Vegetative State May Be Caused by Brain Cooling, New Study
Widespread Use of Cold Air In Breathing Tubes May Prevent Recovery of Brain Injured Patients
Springfield, IL (June 28, 2006) — The odds of recovery from brain injuries and vegetative states may be dramatically improved simply by restoring normal brain temperatures, according to a new medical theory published in the July issue of Medical Science Monitor.
The study was inspired by the case of 53-year-old woman who suffered a heart attack and oxygen deprivation to the brain. In the course of a few days slipped from consciousness to coma to a vegetative state. For the following thirty-one months she was receiving oxygen through a tube in her trachea.
But then one day it was noticed that the oxygen in the tube was over thirty degrees below body temperature. Acting on the speculation that such chilled air could not be good for the patient, the tube was removed. One month later, the woman came out of the vegetative state and was verbal and able to respond to questions.
Inspired by this case, the authors began to investigate the physiological link between lung temperatures and brain temperatures. They found that chilled tracheal air will produce chilled aortic blood which will in turn produce a significant drop in brain tissue temperatures.
Because the path from the aorta to the brain is short, a drop in brain temperatures may occur even though the core body temperature otherwise appears to be normal. But even a small drop in the brain temperatures can produce important deviations in neurochemistry and the endocrine system. These changes, the authors suggest, may not only inhibit recovery but may even produce additional problems.

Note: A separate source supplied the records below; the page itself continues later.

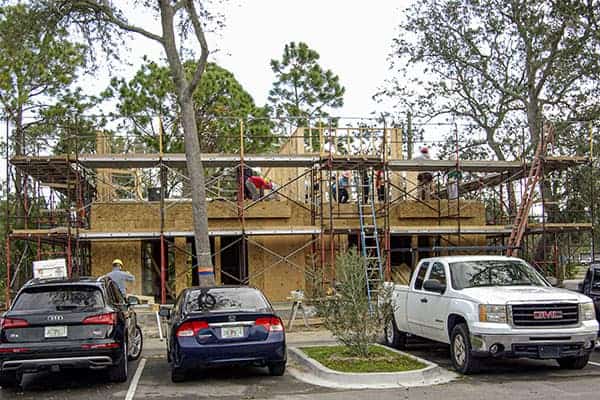 wood frame of home surrounded by scaffolding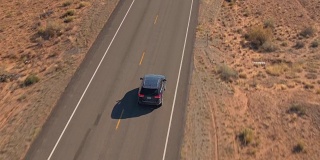 一辆黑色SUV行驶在沙漠中空旷的道路上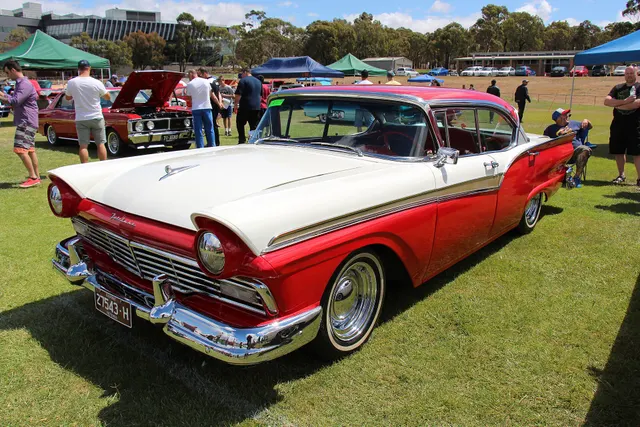 Exact-year view retained for body, trim, glass, lamps, bumpers, and wheel context; condition and restoration details remain specific to the photographed car.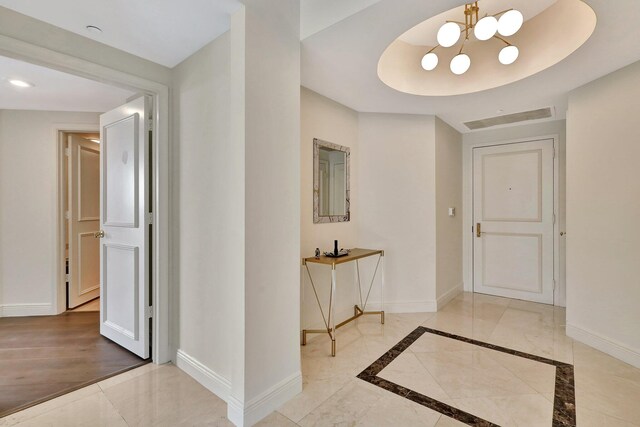 hall featuring a notable chandelier and light wood-type flooring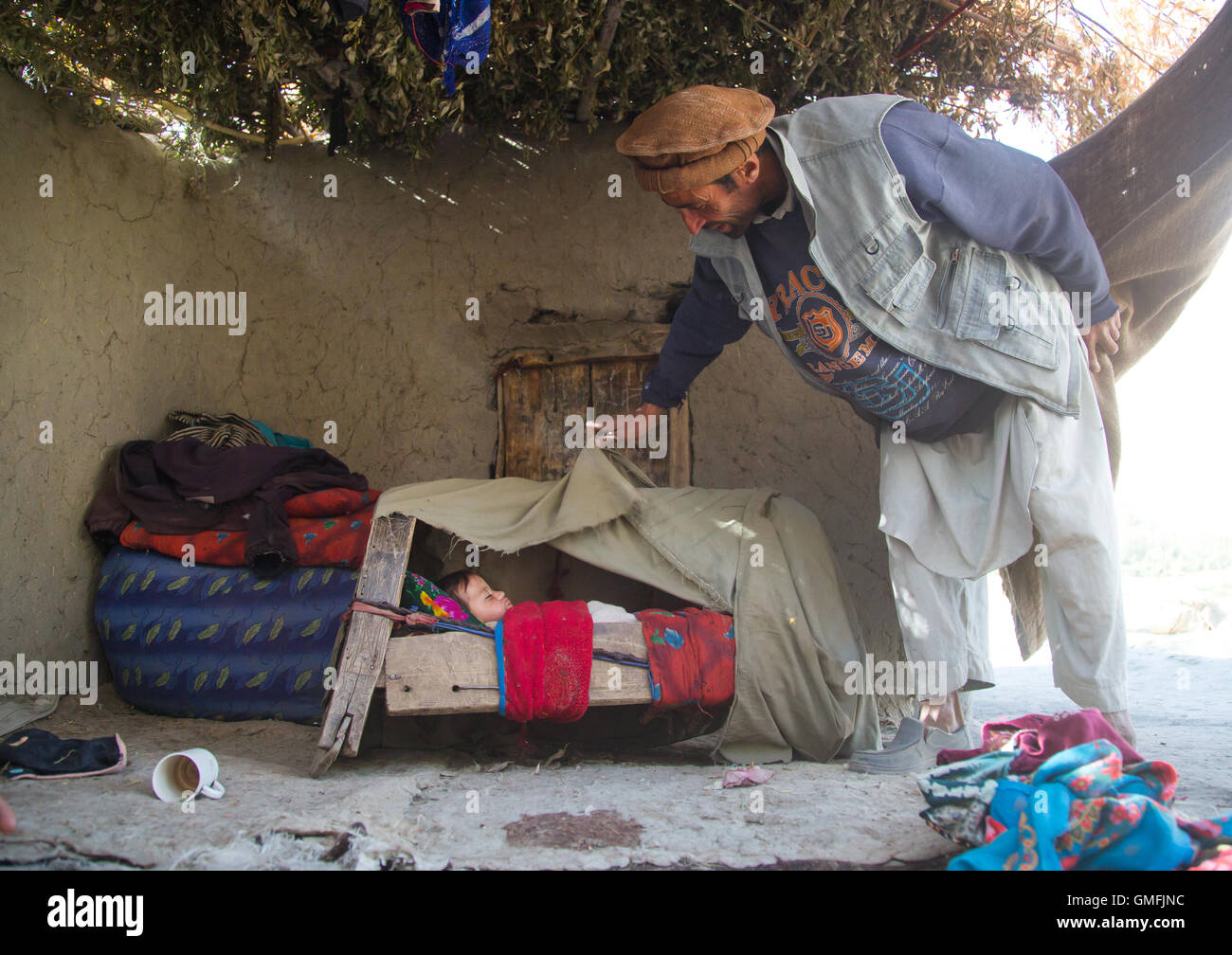 Padre guardando al suo bambino dorme in una culla, Badakshan provincia, Qazi deh, Afghanistan Foto Stock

To access the potential impact of their findings, the authors also surveyed a sample of hospitals and nursing homes. Most health care facilities reported they do not heat the oxygen given to non-responsive, intubated patients.
The authors suggest that paying closer attention to intubated air temperatures, or removing intubation tubes as soon as practical, would pose no risk to patients and may well produce a significant increase in the rate of recovery from brain trauma. They also propose numerous strategies for future research.
Ford GP, Reardon DC. Prolonged unintended brain cooling may inhibit recovery from brain injuries: case study and literature review. Medical Science Monitor 12(7), 2006.